How do you simplify \[{{\left( 6i \right)}^{3}}\]?

Answer 1

Hint: Assume the value of the given expression as ‘E’. Apply the formula of the topic ‘Exponents and powers’ given as: - \[{{\left( ab \right)}^{m}}={{a}^{m}}\times {{b}^{m}}\], to simplify the given expression. Here, ‘a’ and ‘b’ are called the bases and ‘m’ is the exponent. Use the relation: - \[{{i}^{2}}=-1\], where ‘i’ is the imaginary number \[\sqrt{-1}\], for further simplification of ‘E’ and get the answer.

Complete step by step answer:
Here, we have been provided with the expression \[{{\left( 6i \right)}^{3}}\] and we have been asked to simplify it.
Now, let us assume the given expression as ‘E’. So, we have,
\[\Rightarrow E={{\left( 6i \right)}^{3}}\]
Applying the formula: - \[{{\left( a\times b \right)}^{m}}={{a}^{m}}\times {{b}^{m}}\], where ‘a’ and ‘b’ are called the basses and ‘m’ is the exponent, so we get,
\[\begin{align}
  & \Rightarrow E={{6}^{3}}\times {{i}^{3}} \\
 & \Rightarrow E=216\times {{i}^{3}} \\
\end{align}\]
Now, here we can see that in the above expression we have an alphabet ‘i’, actually it is the notation for the imaginary number \[\sqrt{-1}\]. ‘i’ is the solution of the quadratic equation \[{{x}^{2}}+1=0\]. There are no real solutions of this quadratic equation and therefore the concept of imaginary numbers and complex numbers arises.
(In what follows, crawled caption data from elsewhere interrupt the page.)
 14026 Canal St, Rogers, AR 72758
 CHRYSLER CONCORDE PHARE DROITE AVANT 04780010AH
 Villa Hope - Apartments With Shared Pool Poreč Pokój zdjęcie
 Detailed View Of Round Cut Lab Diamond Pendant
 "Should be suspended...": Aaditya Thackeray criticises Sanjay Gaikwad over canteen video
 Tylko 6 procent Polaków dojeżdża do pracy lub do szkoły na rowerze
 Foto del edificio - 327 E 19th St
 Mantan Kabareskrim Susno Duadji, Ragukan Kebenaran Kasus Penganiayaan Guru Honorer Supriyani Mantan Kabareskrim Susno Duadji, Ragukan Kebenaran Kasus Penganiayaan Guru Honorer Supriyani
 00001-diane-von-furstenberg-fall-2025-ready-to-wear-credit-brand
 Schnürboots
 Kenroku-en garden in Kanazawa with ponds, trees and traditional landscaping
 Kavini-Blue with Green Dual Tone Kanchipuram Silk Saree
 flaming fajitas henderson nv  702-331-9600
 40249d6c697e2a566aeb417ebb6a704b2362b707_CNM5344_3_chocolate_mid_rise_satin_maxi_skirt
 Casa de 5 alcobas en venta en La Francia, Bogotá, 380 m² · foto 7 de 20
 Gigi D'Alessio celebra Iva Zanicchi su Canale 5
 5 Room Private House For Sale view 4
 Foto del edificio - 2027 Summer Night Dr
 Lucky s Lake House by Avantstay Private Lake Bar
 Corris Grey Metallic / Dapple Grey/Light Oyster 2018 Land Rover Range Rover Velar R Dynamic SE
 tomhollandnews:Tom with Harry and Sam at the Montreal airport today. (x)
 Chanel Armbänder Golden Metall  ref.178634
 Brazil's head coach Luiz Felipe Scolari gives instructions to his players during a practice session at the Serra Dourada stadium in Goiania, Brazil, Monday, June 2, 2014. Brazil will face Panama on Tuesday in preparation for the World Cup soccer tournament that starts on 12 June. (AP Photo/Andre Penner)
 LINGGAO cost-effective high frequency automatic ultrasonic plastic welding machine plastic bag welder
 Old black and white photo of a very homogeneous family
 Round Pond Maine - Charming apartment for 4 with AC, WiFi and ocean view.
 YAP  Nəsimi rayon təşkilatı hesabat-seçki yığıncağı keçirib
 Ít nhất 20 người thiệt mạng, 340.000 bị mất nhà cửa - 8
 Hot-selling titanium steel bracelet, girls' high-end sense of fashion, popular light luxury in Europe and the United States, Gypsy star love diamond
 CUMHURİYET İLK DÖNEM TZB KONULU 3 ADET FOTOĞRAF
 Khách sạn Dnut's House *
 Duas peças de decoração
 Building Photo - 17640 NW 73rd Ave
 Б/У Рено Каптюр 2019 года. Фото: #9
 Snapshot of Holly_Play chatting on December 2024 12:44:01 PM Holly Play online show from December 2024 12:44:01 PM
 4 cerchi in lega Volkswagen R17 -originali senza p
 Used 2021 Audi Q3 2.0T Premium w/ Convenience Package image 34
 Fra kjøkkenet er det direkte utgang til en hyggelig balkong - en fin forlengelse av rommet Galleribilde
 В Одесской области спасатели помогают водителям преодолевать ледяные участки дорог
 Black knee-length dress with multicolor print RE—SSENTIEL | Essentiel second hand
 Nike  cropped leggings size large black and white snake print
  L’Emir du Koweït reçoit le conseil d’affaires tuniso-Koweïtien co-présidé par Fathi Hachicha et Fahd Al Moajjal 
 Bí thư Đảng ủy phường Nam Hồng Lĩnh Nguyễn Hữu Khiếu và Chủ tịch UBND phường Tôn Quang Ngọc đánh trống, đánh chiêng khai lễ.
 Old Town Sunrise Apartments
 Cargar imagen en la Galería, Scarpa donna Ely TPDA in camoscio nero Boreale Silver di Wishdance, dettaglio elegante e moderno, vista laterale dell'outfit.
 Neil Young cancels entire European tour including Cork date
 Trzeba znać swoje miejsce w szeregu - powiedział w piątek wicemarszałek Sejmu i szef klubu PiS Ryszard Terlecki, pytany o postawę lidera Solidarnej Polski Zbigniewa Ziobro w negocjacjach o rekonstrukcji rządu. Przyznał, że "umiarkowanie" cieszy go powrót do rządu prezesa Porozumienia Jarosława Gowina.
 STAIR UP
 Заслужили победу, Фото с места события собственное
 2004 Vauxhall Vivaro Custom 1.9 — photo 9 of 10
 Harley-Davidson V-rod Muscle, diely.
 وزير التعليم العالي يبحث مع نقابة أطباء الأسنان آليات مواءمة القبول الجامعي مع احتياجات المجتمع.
A complex number is written in general form as: - \[z=a+ib\], where ‘z’ is the notation of complex numbers, ‘a’ is the real part and ‘ib’ is the imaginary part. Here, \[i=\sqrt{-1}\].
Now, let us come back to the expression ‘E’. We can write the obtained expression as: - \[\Rightarrow E=216\times {{i}^{2}}\times i\] - (1)
Since, \[i=\sqrt{-1}\], therefore on squaring both the sides, we get,
\[\Rightarrow {{i}^{2}}=-1\]
So, substituting the value of \[{{i}^{2}}\] in equation (1), we get,
\[\begin{align}
  & \Rightarrow E=216\times \left( -1 \right)\times i \\
 & \Rightarrow E=-216i \\
\end{align}\]
Hence, the above expression is the simplified form and our answer.

Note:
One must not consider ‘i’ as any variable or just an alphabet. Remember that ‘i’ always denotes the imaginary number \[\sqrt{-1}\] in the topic ‘complex numbers’. You must remember the formulas of the topic ‘exponents and power’ like: - \[{{a}^{m}}\times {{a}^{n}}={{a}^{m+n}},{{a}^{m}}\div {{a}^{n}}={{a}^{m-n}},{{\left( {{a}^{m}} \right)}^{n}}={{a}^{m\times n}}\], because these formulas are frequently used in other topics of mathematics. Remember the concepts of complex numbers and their general forms.